Lange wird über die Bezahlkarte für geflüchtete Menschen diskutiert - im Verlauf dieses Jahres soll sie kommen. Der Flüchtlingsrat ist dagegen, in den Kommunen finden sich unterschiedliche Meinungen.
Bezahlkarte für Asylbewerber
Eine Bezahlkarte wird bei einer Pressekonferenz im Landratsamt gezeigt. © Bodo Schackow/dpa

Sie wird nach langen, teils kontroversen Diskussionen kommen - und die einen finden sie richtig, die anderen sehen sie kritisch: Die Bezahlkarte für Flüchtlinge spaltet auch die politische Landschaft in Rheinland-Pfalz. Das Land macht bei einem Vergabeverfahren von insgesamt 14 Bundesländern mit. Eine Reihe kommunaler Vertreter begrüßt die Karte grundsätzlich, es sind aber auch kritische Anmerkungen zu hören und es werden weitere Schritte in der Migrationspolitik gefordert. Das grün geführte Integrationsministerium zählt beim Thema Bezahlkarte im Ländervergleich nicht zu den offensiven Fachministerien.

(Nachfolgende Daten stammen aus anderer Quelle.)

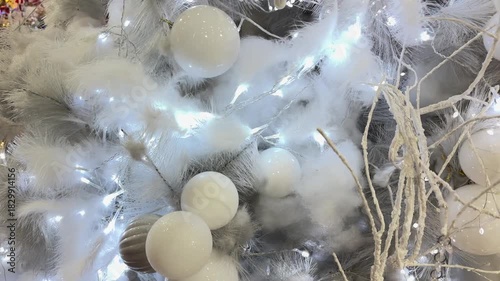 4k footage close up of lighted Christmas tree ornaments and decorations. Mistletoe, baubles, and bell with Interactive sparkling christmas twinkle lights or icicle lights.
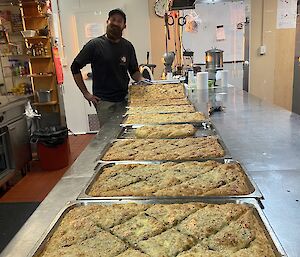 7 trays of fresh made borek on a kitchen bench with an expeditioner smiling to camera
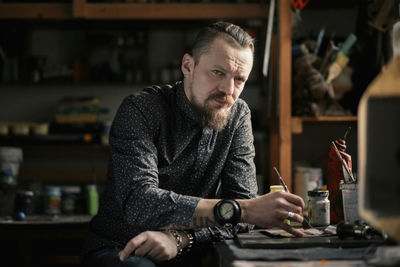 Portrait of man sitting at workshop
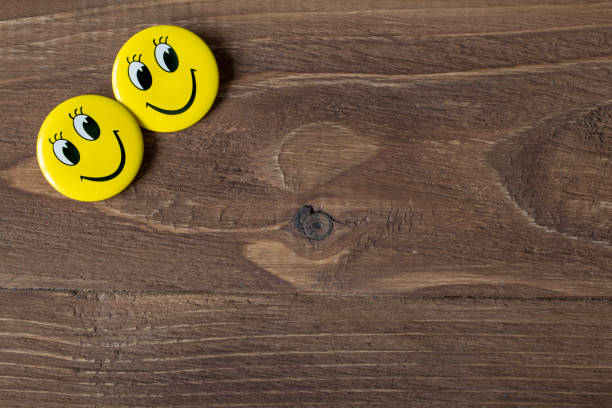 istock Two yellow buttons with smiley faces on a wooden background 654658562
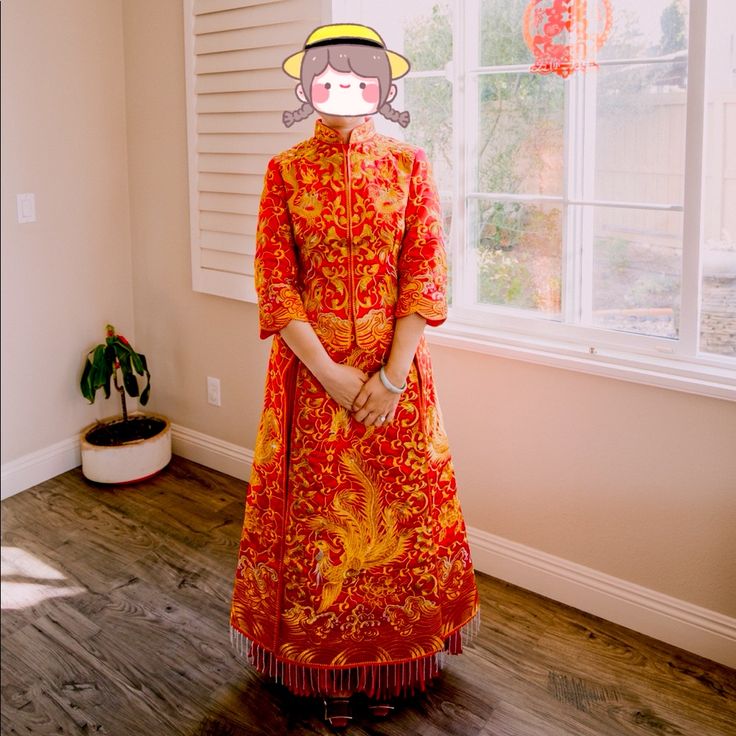 a woman standing in front of a window wearing an orange dress and hat with a monkey on it's head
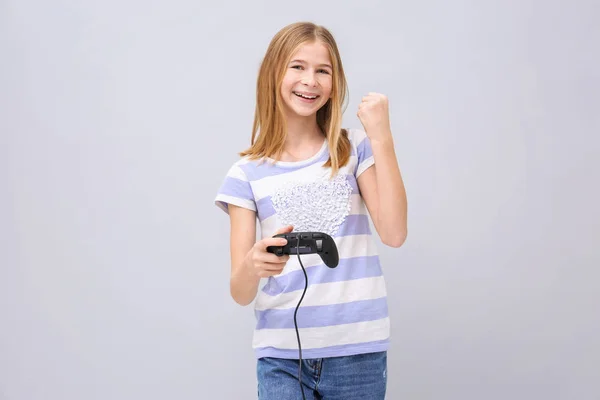 Щаслива дівчина-підліток з контролером відеоігор на сірому фоні — стокове фото
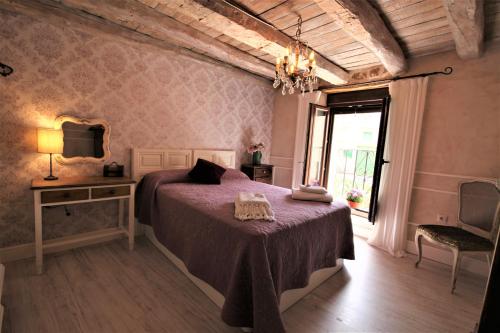 um quarto com uma cama, uma mesa e uma janela em Wabisabi Townhouse em Montejo de la Vega de la Serrezuela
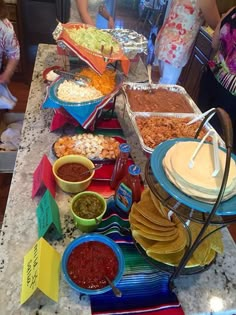 a table filled with lots of food and condiments on top of each other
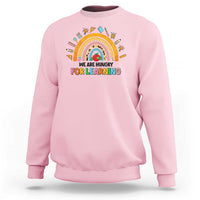 Light pink crewneck sweatshirt with rainbow and “We are hungry for learning” graphic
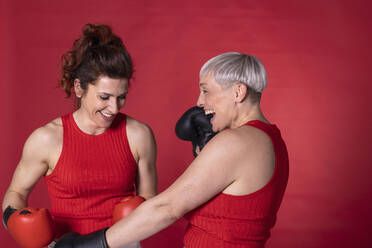 Happy friends with boxing gloves standing against red background - EIF04011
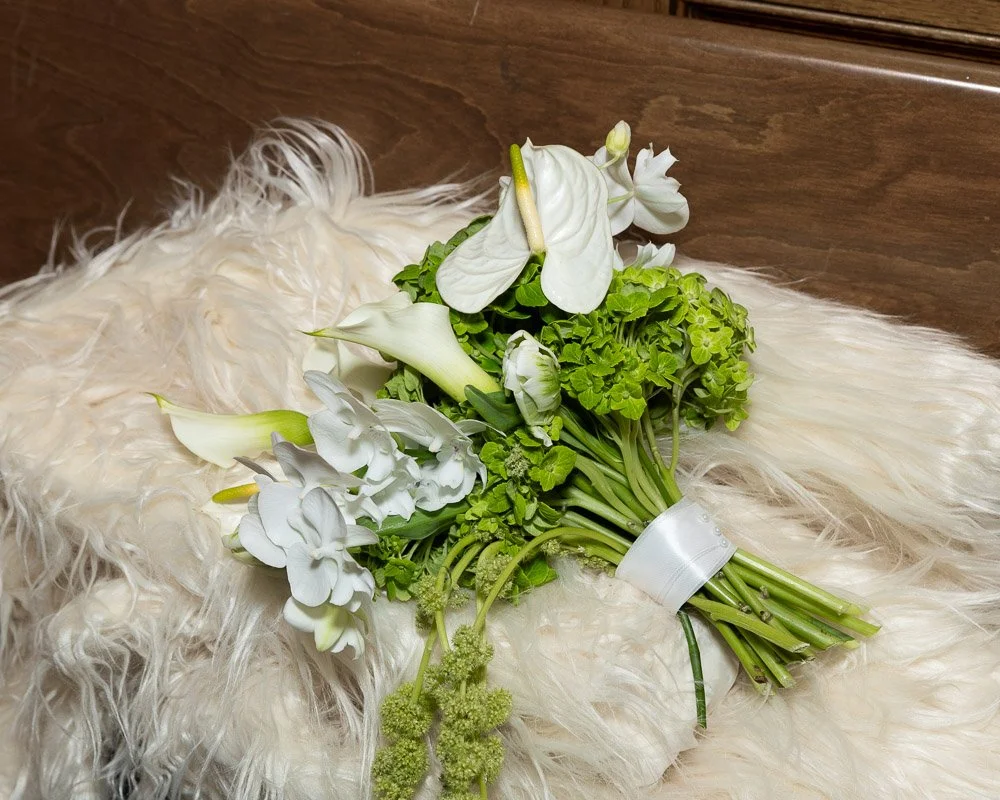 A bouquet of white flowers and green foliage resting on a fluffy cream-colored rug.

Integrationsministerin Katharina Binz (Grüne) sagte der Deutschen Presse-Agentur: «Das Land Rheinland-Pfalz verfolgt mit der Einführung das Ziel, eine praktikable, rechtssichere und diskriminierungsfreie Bezahlkarte in den landeseigenen Aufnahmeeinrichtungen für Asylbegehrende zu etablieren.» Die Kreise und kreisfreien Städte würden über die Planungen des Landes informiert und könnten sich dann im Rahmen der kommunalen Selbstverwaltung und der rechtlichen Möglichkeiten entscheiden, ob sie die Karte einführen oder nicht. Zahlreiche Details stehen noch nicht fest. Dazu zählt, wie hoch der Betrag sein wird, den sich Karteninhaber auszahlen lassen können.

Frieden: Bezahlkarte ein Baustein in Migrationspolitik

14 von 16 Bundesländern - darunter Rheinland-Pfalz - hatten sich bei der Karte auf gemeinsame Standards für ein Vergabeverfahren verständigt, das bis zum Sommer abgeschlossen sein soll. Nur Bayern und Mecklenburg-Vorpommern gehen eigene Wege, wollen die Karte aber ebenfalls einführen. Bayern will den Auszahlungsbetrag auf 50 Euro begrenzen.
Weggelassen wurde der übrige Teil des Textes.